At the Private Company Governance Summit 2015, Heidrick & Struggles vice chairman John Wood hosted a panel of veteran board members – Gerald M. Czarnecki, chairman and chief executive officer, Deltennium Group Inc., Anthony W. Schweiger, managing principal and chief executive officer, The Tomorrow Group, and director, Marketcore, and NACD Board Advisory Services managing director and general counsel Steven Walker – in a wide-ranging discussion of refreshing the board and the hard choices this process sometimes requires. Wood kicked off the dialog by noting that private company and family-owned boards often navigate rougher waters on the issue of board refreshment because the process of “out with the old and in with the new” is fraught with complications arising from family ties, existing friendship, and long-term tenures that haven’t been constrained by policies and procedures more common to public company board management.

Everyone on a good board “will acknowledge that you occasionally have to have the difficult discussion,” explained Gerry Czarnecki. “You have to be able to tell an underperforming director that it’s over, that it’s time to move on.” Age limits, he said, are a “cop out” to avoid truly tough conversations. Boards who decide to wait out an under- or non-performing director because he or she “only has a couple of years left” are doing their colleagues on the board, as well as management and shareholders, a huge disservice.

Seconding Czarnecki, Tony Schweiger noted that “one danger of avoidance is that everything drags out too long.” Once the decision has been made, there should be no delay. “After you make the move and replace the director, you wonder why you waited so long.”

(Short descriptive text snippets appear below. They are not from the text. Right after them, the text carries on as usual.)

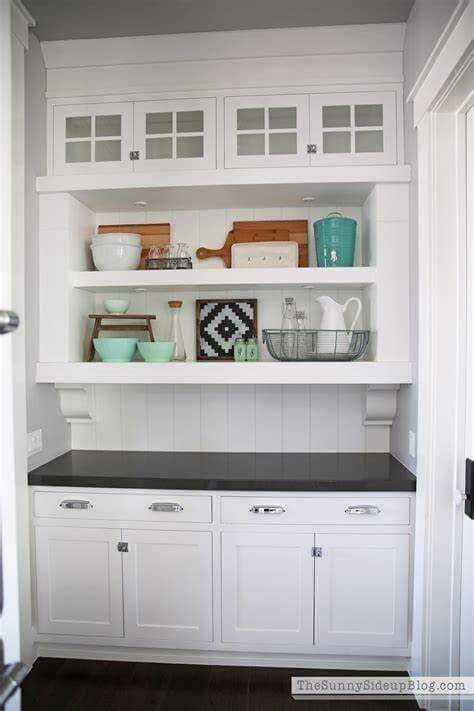 A Kitchen With White Cabinets and Shelves and a Black Counter Top — Coral Coast Building & Management in Cannon Valley, QLD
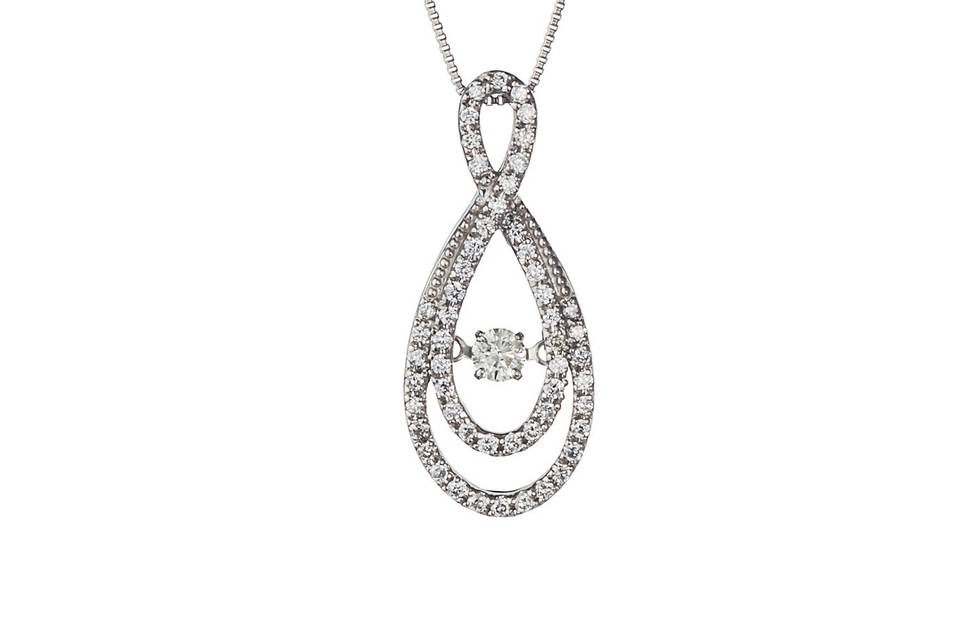 This 14K White Gold pendant is sure to be an eye-catcher! The center diamond is called a dancing diamond or a heartbeat diamond, as it dances and beats with her every heartbeat!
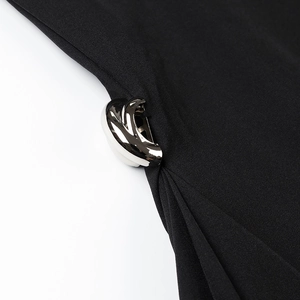 Detail of a silver metallic buckle on black high-neck dress with fine fabric texture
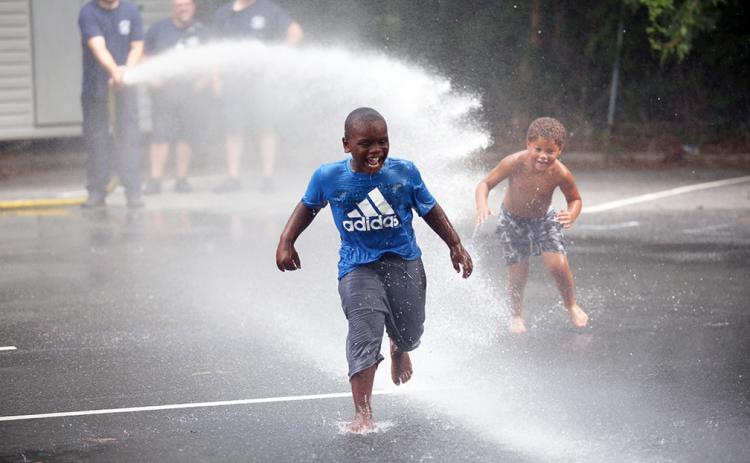 (L-R) Markel Graham and Lawson Childs run through the spray from Elbert County Fire Department's fire truck hose in the parking lot of the library during Big Splash. (Photo by Wells)
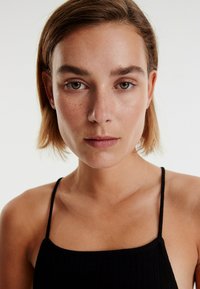 Zwarte geribbelde tanktop met dunne bandjes, voorzien van een vierkante halslijn. De stof lijkt zacht en lichtjes textuur te hebben. Neutraal achtergrond.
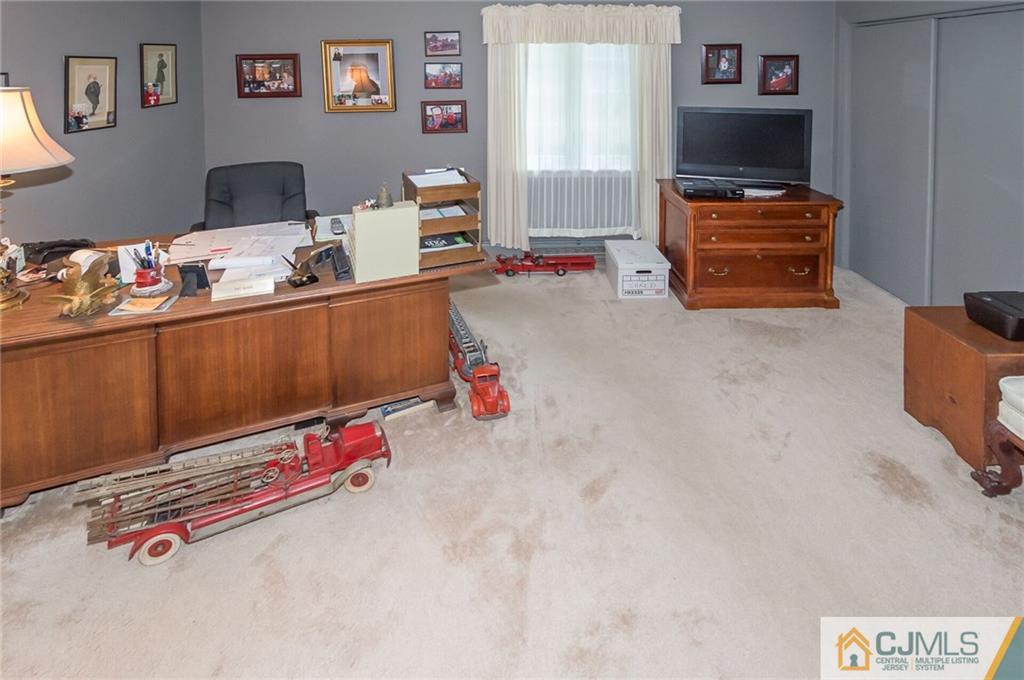 5 Utica Road Edison, NJ 08820 - Photo 24 of 48 a room with furniture and a flat screen tv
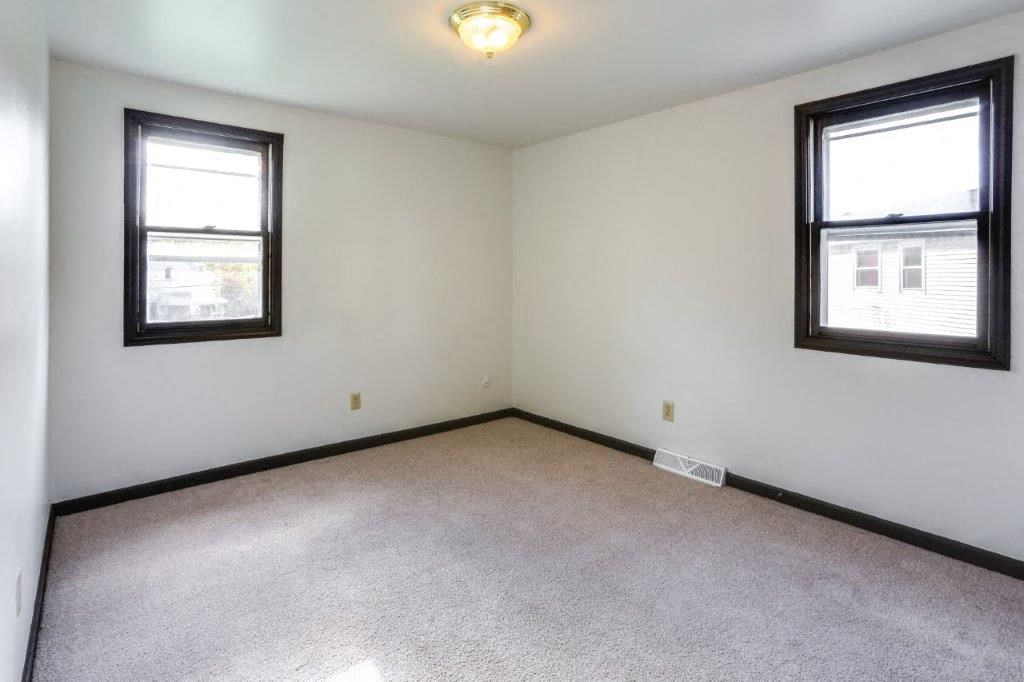 an empty living room with two windows and a carpet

Taking a different tack, Steve Walker outlined the scenario of a serving director “who may be a fabulous and insightful person but for one reason or another is no longer a good fit for the board.” This can happen when the company shifts strategy, makes an acquisition that changes company focus, or enters a business where different expertise is urgently required. “Sometimes,” Walker said, “refreshing the board is a lot more than eliminating a weak link or counterproductive point of view.” In many cases, he added, there is a mitigating circumstance that enables the board to take a long, hard look at itself and allows a graceful exit for board members who for whatever reason are not contributing to continued success of the enterprise.

Peer Review

Walker suggested that boards incorporate a routine and reliable method for director evaluation as a matter of course, establishing a protocol that eliminates surprises and essentially puts all directors in the same boat as it relates to process. He recommended that boards start with a “check the box” skillsets analysis that outlines who complements and who detracts from board processes. “A checklist that is used routinely creates a precedent of regular evaluations and prevents surprises in the boardroom,” Walker suggested. “Sometimes it even alerts a director that he or she no longer has the qualifications necessary to contribute to meaningful board dialog.”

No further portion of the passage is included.